For Uncommon Leaders....
Raising Standards, Driving Change,
and Creating New American Hospitals
 
 
 

 

Raising Standards in American Healthcare

"There are two kinds of organizations.
Those that have a standards process,
and those that will."

—Alex Trotman, former Ford CEO


  • Stumbling Standards. Current examples of "less than best" approaches in American healthcare.
  • The JCAHO Joke. Where's the leadership? Is this standards group really getting the job done? It's no joke when either inadequate standards, or non enforcement of standards, result in the death of a loved one. The agency does not operate in the way in which true standards groups perform.
  • Management Malpractice. The core problem is lack of aggressive management action.
  • Professional Practice Standards—Are your profession's standards set appropriately high? Are they enforced? These are the criteria to judge a profession's maturity in dealing with the standards issue. Many health professions are unable to point to a defined standards setting group. Malpractice and lawsuits will result.
  • Organizational Management—Every department follows the rule that best practices are found in everything practiced in that department, and that all protocols and technology have been standardized around best practices and best tools.

Management Malpractice—the Core Problem

The root cause of America's hospital problems is how these organizations are managed. Mismanagement is the core issue. That isn't what gets blamed of course. Defenders point to bad reimbursement formulas, overregulation, competition, technological wrenching, but it's all smoke. True, these factors don't help, but the central problem is that healthcare managers simply do a poor job of managing. They are not, by and large, masters of the management craft but are malpracticing, not following the disciplines of their profession. This isn't about working hard, which they do most earnestly. It's about the need to learn how to work right and be effective. (Read Raising Standards in American Healthcare for the full presentation of the problem)

The problems of American health care stem primarily from an obsolete approach to management that produces poor performance outcomes. Too low standards are the root cause of healthcare's customer unhappiness, erratic quality, no-end-in-sight costs, and low morale and worker turnover. American healthcare leaders are running the risk of projecting blame on external forces and resource scarcity, rather than looking at how they manage.

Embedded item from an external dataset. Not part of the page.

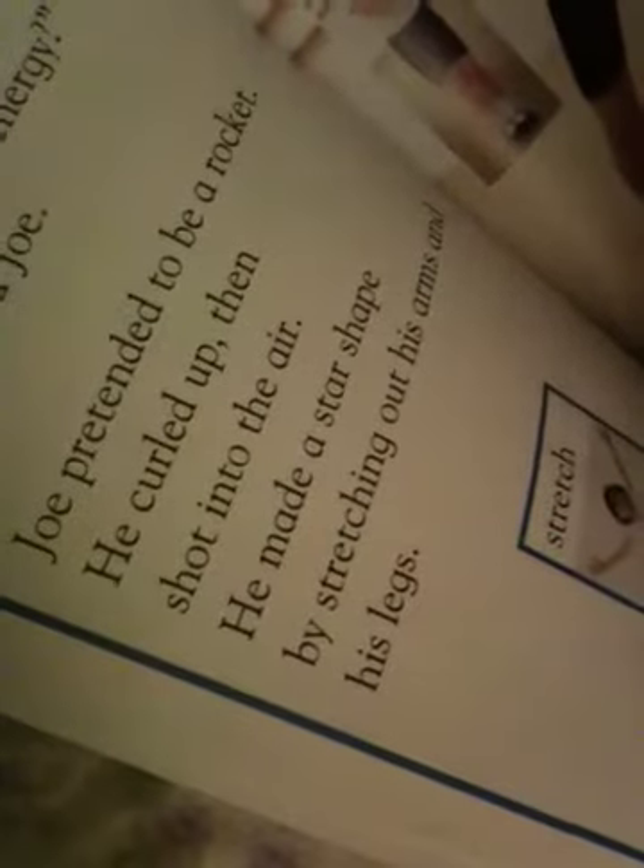Let's try some star jumps, said Anna, who has lots of energy. I do, said Joe. Joe pretended to be a rocket. He curled up, then shot into the air. He made a star shape by stretching out his arms and his legs. Why don't you try to do that? Wow. You look just like the picture. Like a shooting star.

The good news is that healthcare's problems can be overcome by a radically new management approach. The concepts of Operational Excellence and Strategic Standardization are already producing best-in-class performance—a way out of the crisis is at hand. The approach that has brought national award-winning Customer Satisfaction ratings and Top 100 hospital status to numerous healthcare organizations. The model has been field tested and it works. It is both valid (true) and reliable (it is repeatable in case after case).

There are always one or two major components missing in the performance of the malpractitioner:

  1. Lack of personal standards. He (she) lacks values centeredness. These are the crooks who wind up in the fraud cases, play with the books, and not knowing how to create solid numbers wind up doing creative accounting. Thankfully the legal profession usually comes along to escort these sorry amateurs out the door.
  2. Lack of business standards. More often the problem is that the organization's leaders do not follow a standards approach to managing. Because they do not set out to meet established standards, or to create them when not provided by the industry (more on that big problem for hospitals later), or to set breakthrough standards, they muddle around, hoping things will get better. They usually don't.

Dx & Tx

Diagnosis: Standards in American healthcare are too low in four primary areas. What evidence is there of that? Consider the following

  1. Customer Satisfaction—just ask the trial attorneys
  2. Quality—4% of admissions are injured or killed, 100,000 deaths per year
  3. Economics—Costs out of control; leading cause of personal bankruptcy
  4. People—One of the highest turnover rates of American industries

Treatment: The cure is a business strategy we term Operational Excellence. The strategy is to produce the following at extremely high levels and can be stated as BHAGs (big hairy audacious goals) in 8 words (must be memorizable by entire organization or you don't have a strategy):

  1. High Satisfaction
  2. High Quality
  3. Low Cost
  4. Best People

At what level should the organization attain these goals? There's the problem.

  • Management standards in the industry are abysmally low, not approximating best run companies outside the industry. Hospitals run to find out what Disney or Marriott do (and should)—why aren't Disney and Marriott running to their local hospital to see the standard?
  • Clinical standards are minimal. JCAHO (Joint Commission on Accreditation of Healthcare Organizations) is still mired in a "minimal standards" mindset lest their paying hospital customers feel annoyed by the pressure to do better. This conflict of interest between the commercial interests of JCAHO and blowing the whistle on its customers has influenced the group's decisions for years, a "scandal" according to JCAHO's many critics. It would be fair to say that the organization is neither a tough standards setter nor a tough enforcer. It plays softball, not hardball, and the industry languishes.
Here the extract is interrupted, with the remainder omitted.